Argus Agent¶
The Argus Executor is split in two halves. Argus owns the server half
(/api/agents/* routes); the host-side daemon — argus-agent — is shipped
by the Sibyl sister package as sibyl.executor.agent. The two were
co-designed so they upgrade together and share a token vocabulary
(em_live_… for SDK / parent, ag_live_… for agents).
If you do not run Sibyl on your training hosts, the Rerun button in Argus stays disabled — that is the only feature affected by not having an agent. Everything else (event ingest, dashboards, sharing, notifications) works without it.
What the agent does¶
- On register, mints an
ag_live_…token bound to the user whoseem_live_*token authorised the registration. Token cached on the host in~/.argus-agent/token.json, mode0600. - Heartbeats periodically — host turns up as online in the UI.
- Polls
/api/agents/{id}/jobsfor new commands. - For
kind=rerun: spawnssubprocess.Popenfor the recordedenv_snapshot.commandfrom the batch's origin host, captures the PID, and acks via/api/agents/{id}/jobs/{cmd_id}/ack. - For
kind=stop: sendsSIGTERMto the recorded PID's process group; escalates toSIGKILLafter a grace period if the process refuses.
Server endpoints¶
The agent talks to four endpoints:
| Method | Path | Purpose |
|---|---|---|
POST |
/api/agents/register |
Register a host; mint ag_live_… |
GET |
/api/agents/{agent_id}/jobs |
Poll for queued commands |
POST |
/api/agents/{agent_id}/jobs/{cmd_id}/ack |
Acknowledge a command's PID |
POST |
/api/agents/{agent_id}/heartbeat |
Keep the online badge green (204 No Content) |
Install & first-time register¶
The agent is part of the Sibyl distribution. From the training host:
pip install sibyl-ml # ships argus-agent as a console script
export ARGUS_URL=https://argus.example.com
export ARGUS_TOKEN=em_live_… # SDK token (parent), used to mint the agent token
argus-agent --register # one-shot: hits /api/agents/register, caches ag_live_…
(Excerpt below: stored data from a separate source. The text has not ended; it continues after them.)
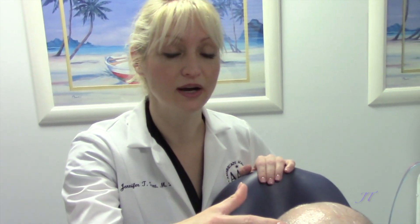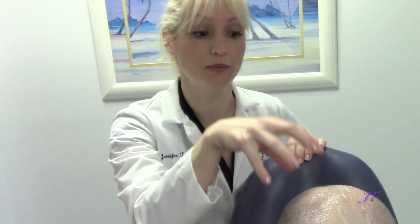We're going to be using PRF for hair loss, treating the crown area. PRF is better than PRP because, number one, it's 100% natural — there's no additives like with PRP. And number two, it's got fibrin in it, which acts like a glue to hold the growth factors and stem cells right where we want them in the crown area to promote hair growth there.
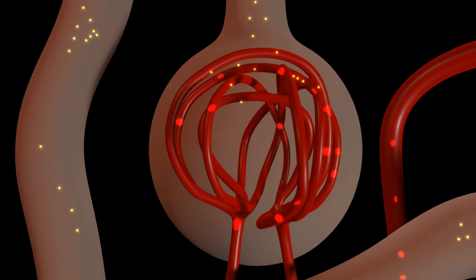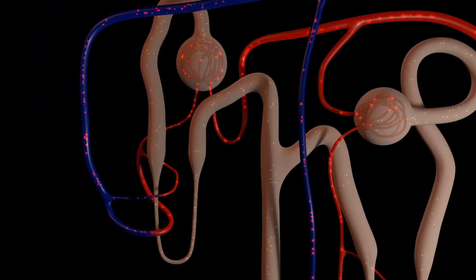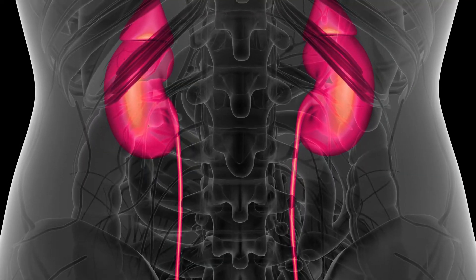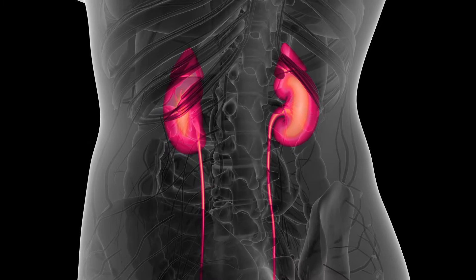The kidneys are responsible for the filtration of your blood. They remove the toxins and send them towards the bladder, which then removes them from your body. If these toxins are not flushed out, they cause kidney failure and lead to further complications.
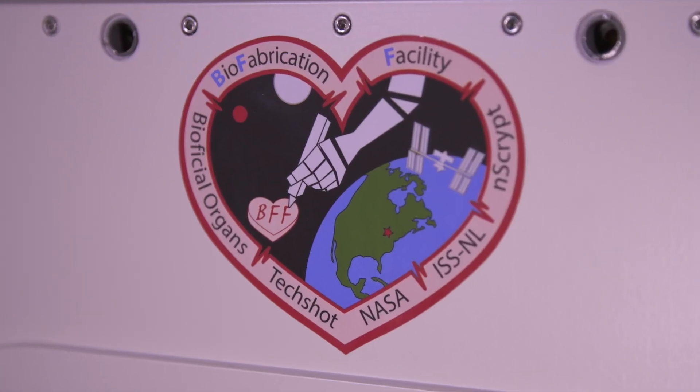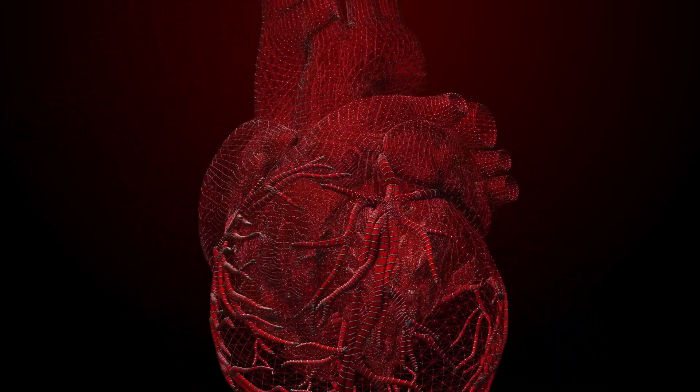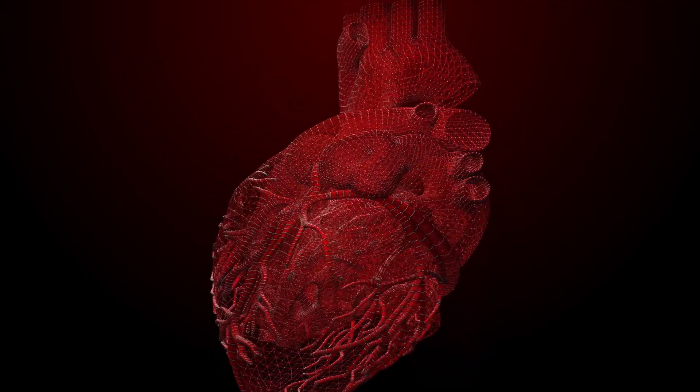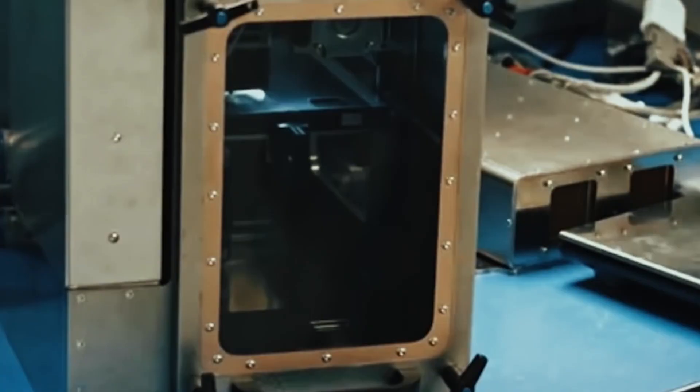The biofabrication facility is really a 3D printer for cells, and it allows us to build very complex architecture using cells that allow us to do things like ultimately build organs for organ transplant or tissue therapy, but initially the ability to try to build more complex models for testing.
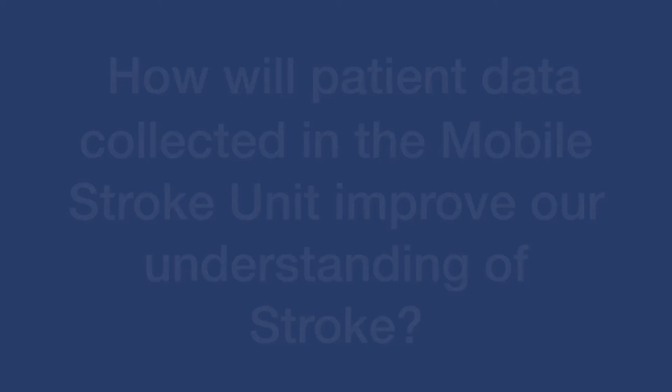Part of what we do on the mobile stroke unit is try and understand what's happening in those first early hours of stroke. Often when patients come to hospital with stroke, the symptoms have been present for a good few hours. By seeing patients in the community not long after the stroke has started, it's actually allowing us to understand more of the process that happens in those first few minutes to hours. We're going to hopefully use this data to progress our knowledge of what stroke is and how it affects patients' brains.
argus-agent # foreground run; Ctrl-C to stop
--register is one-shot; subsequent runs of argus-agent (no args) read
the cached token. The exact command-line surface is owned by the Sibyl
package — see Sibyl's executor agent docs for --reregister, debug flags,
and systemd templates.
Threat model¶
The agent is privileged: it can run arbitrary shell commands as its OS user.
Treat each ag_live_* token as if it controls the host's user account.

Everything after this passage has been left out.